The Myth of Narcissus

History has not been kind to Narcissus. His name is synonymous with an unsavory amount of self-absorption, and those who are typically described by an allusion to his name tend, for the most part, to be unbearable.

But, I would argue, Narcissus was right.

In the myth of Narcissus, his mother is told by the seer Tiresias that her new-born son will live a long life if and only if "he doesn't know himself."

Compare and contrast this to the Delphic Oracle's injunction to Socrates to "know thyself." In Plato, knowing yourself is synonymous with virtue. In the myth of Narcissus (as recounted by Ovid), to know oneself is synonymous with death.

But what does it mean to know oneself? Which self does one know? And which self is the knower? And is the myth really a warning against excessive self-absorption, as is often assumed, or is there a more compelling reading of the myth?

Perhaps the myth is allegorical, and the self that Narcissus apprehends in the water is not his body but his soul. Perhaps the self that Narcissus falls in love with is not his temporal mortal self but his eternal self.

In this sense, Narcissus is the mythological precursor of Rumi and the Sufi mystics. Perhaps the Narcissus who dies is the ego, and the Narcissus that remains (the flower that is called a "narcissus") is the eternal soul.

To know oneself is to know that one will die. And so, Narcissus is he who sees his own reflection, but from the other side. What he sees is his own death, but he sees it in life. He accepts his death, and in accepting his death, he is transformed. And so, his death is not a tragedy but a transcendence, not an act of suicide but a mythical instance of rebirth.

Narcissus is he who knows that love is never outside himself. When we love, it is not true that we love the other. There is no outside to love. We love Love, and the other is encompassed in that love.

Love is the space in which love becomes possible, but it emanates from within, not from without. Perhaps the deeper moral of the story is not, as is commonly believed, that one must refrain from excessive self-love in order to be able to love others, but that one cannot truly love others until one has learned to love the self.

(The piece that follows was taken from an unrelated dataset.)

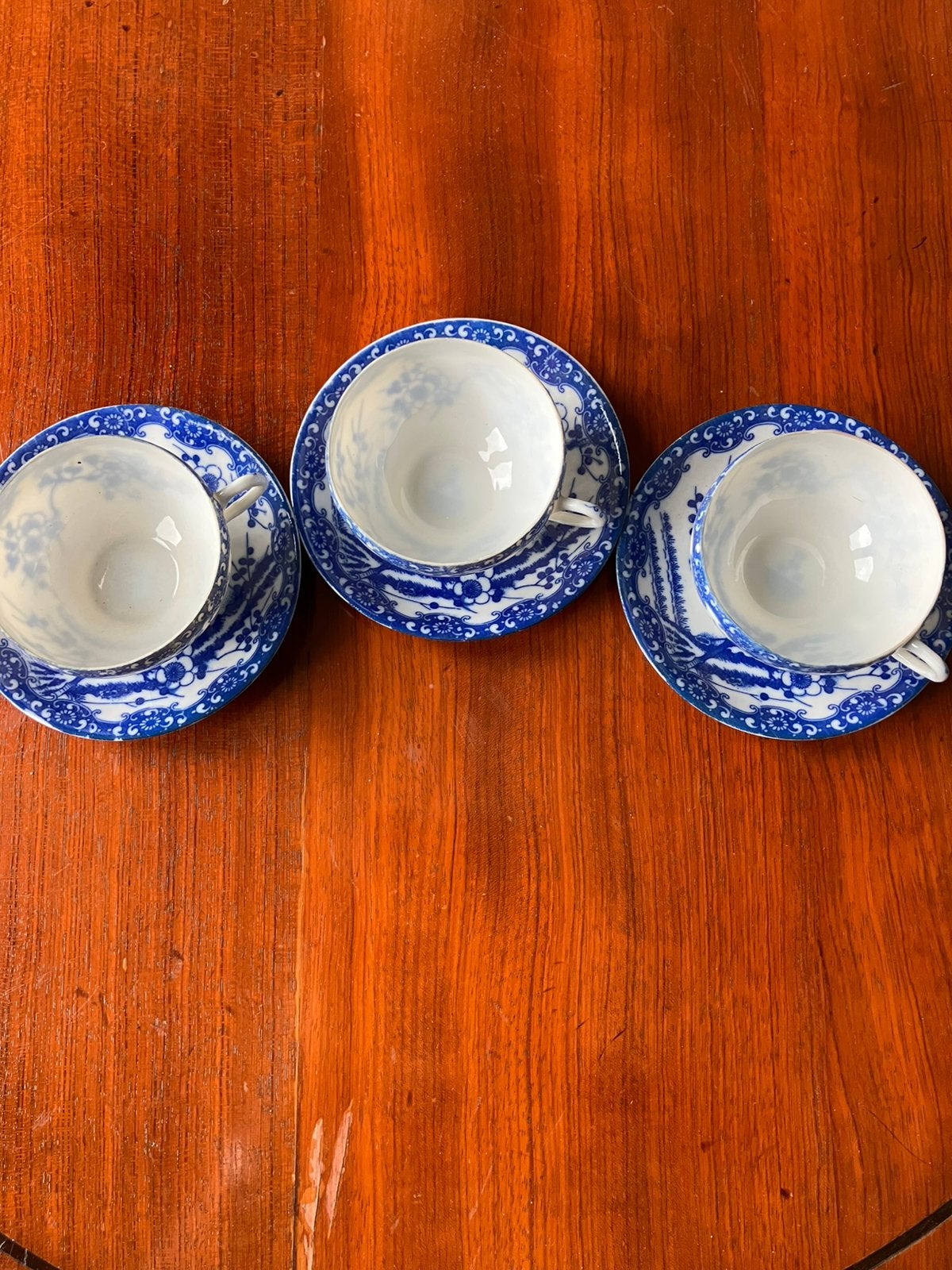 3 kleine Japanse eierporseleinen kop en schoteltjes, Ophalen of Verzenden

We all need to resist our desire for symbiosis, and to go inward to find what we need rather than to try to get another person to give it to us. Perhaps this is another way to read the myth of Narcissus. Perhaps we could all use more inwardness and more self-love, and perhaps history's scapegoating of Narcissus is merely a reflection of our collective self-hatred as a species. Perhaps Narcissus is the Greek equivalent of Christ.